**What to do**. Repeat the listing exactly, minus the pictures.

**Collected data**.
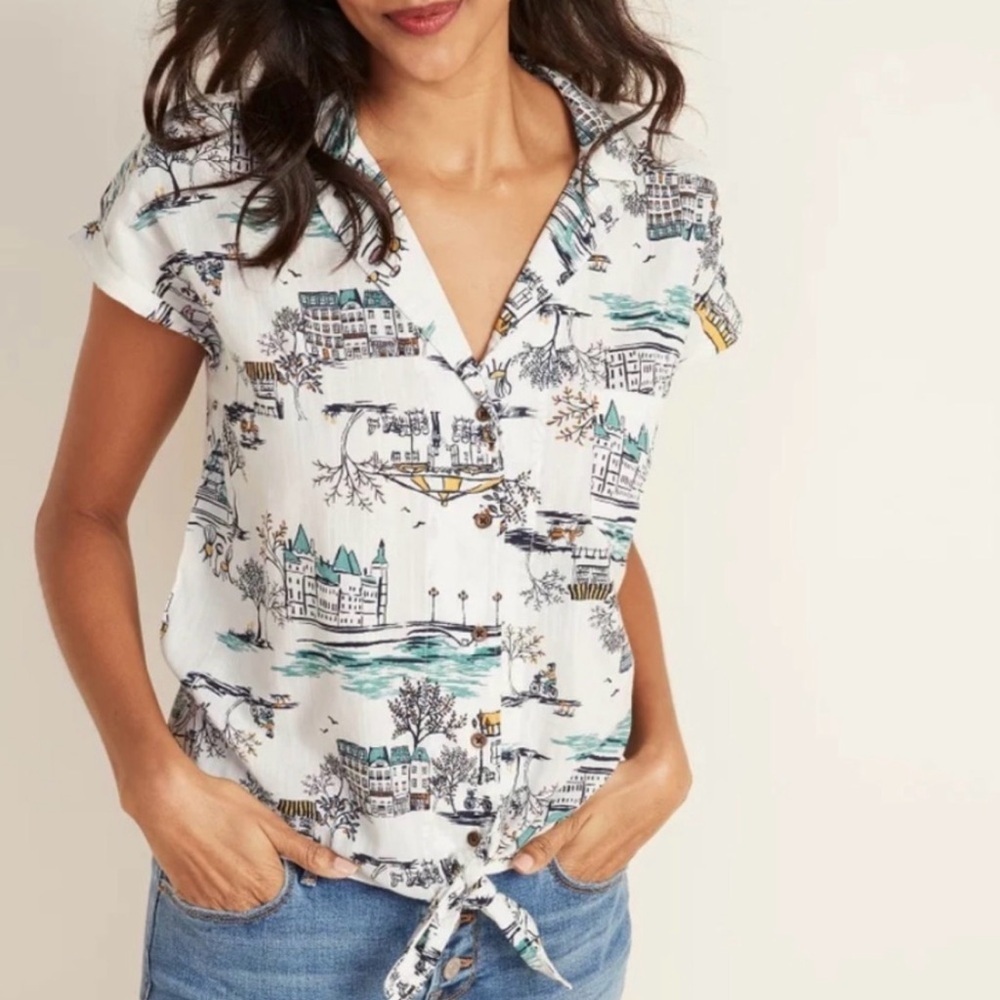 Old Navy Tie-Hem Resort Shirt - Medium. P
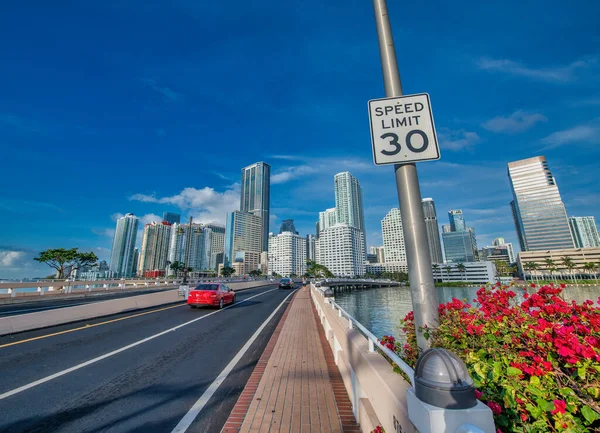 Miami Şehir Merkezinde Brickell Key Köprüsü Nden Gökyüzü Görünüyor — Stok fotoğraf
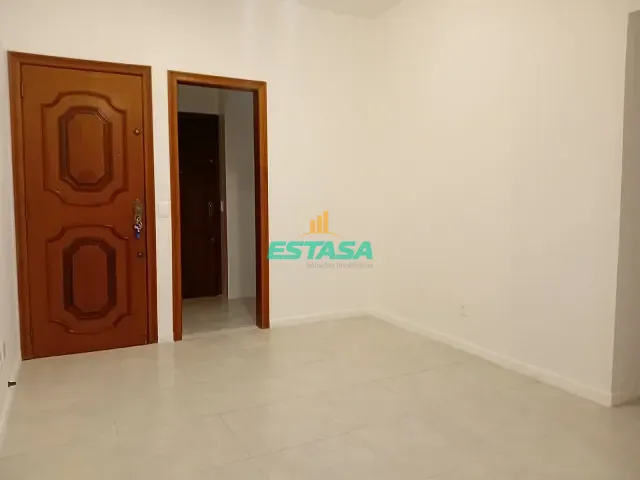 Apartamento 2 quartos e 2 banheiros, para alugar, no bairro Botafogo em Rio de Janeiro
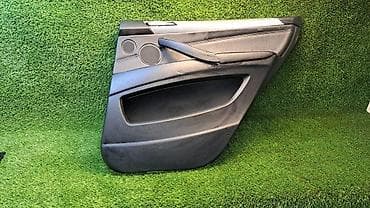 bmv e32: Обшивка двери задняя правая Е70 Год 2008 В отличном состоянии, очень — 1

**Your response**.
 Old Navy Tie-Hem Resort Shirt - Medium. P
 Miami Şehir Merkezinde Brickell Key Köprüsü Nden Gökyüzü Görünüyor — Stok fotoğraf
 Apartamento 2 quartos e 2 banheiros, para alugar, no bairro Botafogo em Rio de Janeiro
 bmv e32: Обшивка двери задняя правая Е70 Год 2008 В отличном состоянии, очень — 1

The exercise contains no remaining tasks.